Sexual tensions run throughout Blue Film, which might seem like a given since “blue film” can refer to a porn flick, but Hemerlein, 30, insists the title was a coincidence. “Those two words just popped into my head,” the singer-songwriter says. It might also have something to do with the film from which Hemerlein drew inspiration, the Luc Besson drama The Big Blue (1988): “It has beautiful cinematography but goofy dialogue, kind of French and ’80s, about free-diving and true love and, for lack of a better term, dolphin sex.”

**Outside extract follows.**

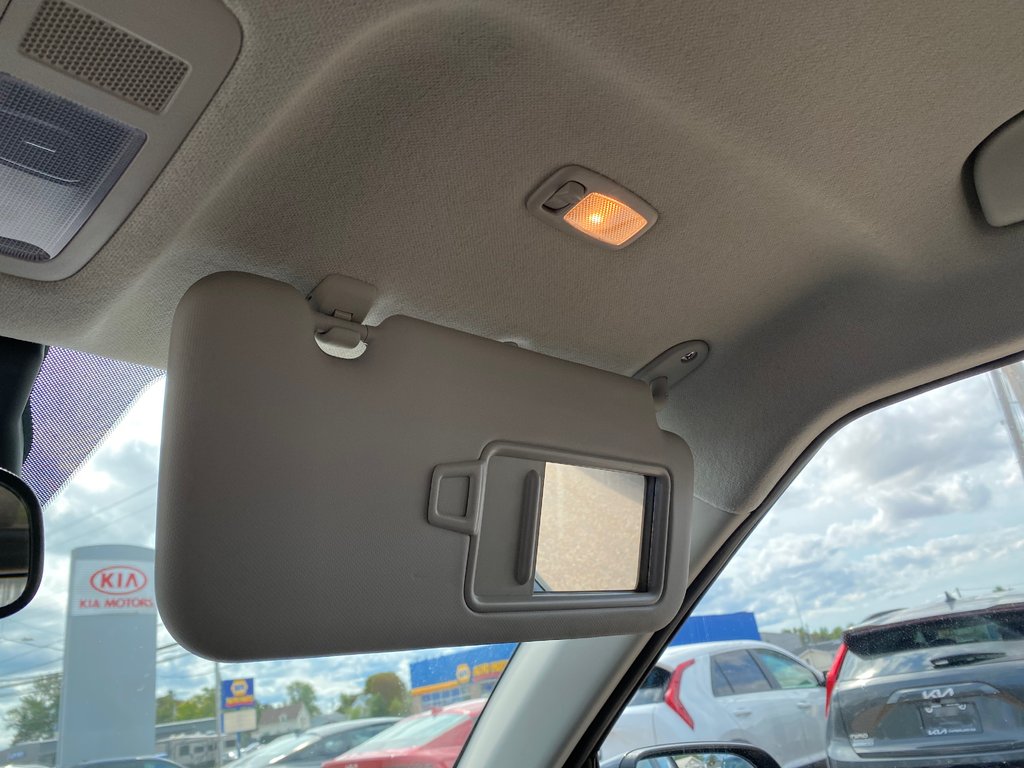 Hyundai VENUE Essential | Cam | USB | HtdSeat | Warranty to 2029 2023 à Amherst, Nouvelle-Écosse - 27 - w1024h768px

Hemerlein moved to L.A. last year from Maryland, where he was home-schooled with his brother and sister. Growing up, it was mandatory that he play violin. “I explored a lot of different styles of music, coming from that classical background and keeping a hand in it, but not attempting to be a classical musician at all,” he recalls. Hemerlein sings and plays every instrument on Blue Film, an album equally catchy and tightly composed. Songs like “Look Away” and “#88” pit delicate, finger-plucked violin threads against expansive, elegant synth and cello lines, along with Hemerlein’s own melancholic vocals.
After studying humanities at college in New Orleans—”I didn’t finish, like a good philosophy student,” he quips—Hemerlein spent several years teaching music and traveling as far afield as Cambodia, London, Nashville, and Iceland, experiences that formed the basis for Blue Film‘s diverse arrangements. This year promises to be just as adventuresome, kicking off with a tour opening for Lorde. “It wasn’t like a vision quest,” Hemerlein says of his journey. “I’m just following the natural energy my life is taking, and trying to do stuff I find really interesting and feel ‘Clear eyes, full hearts’ awesome.”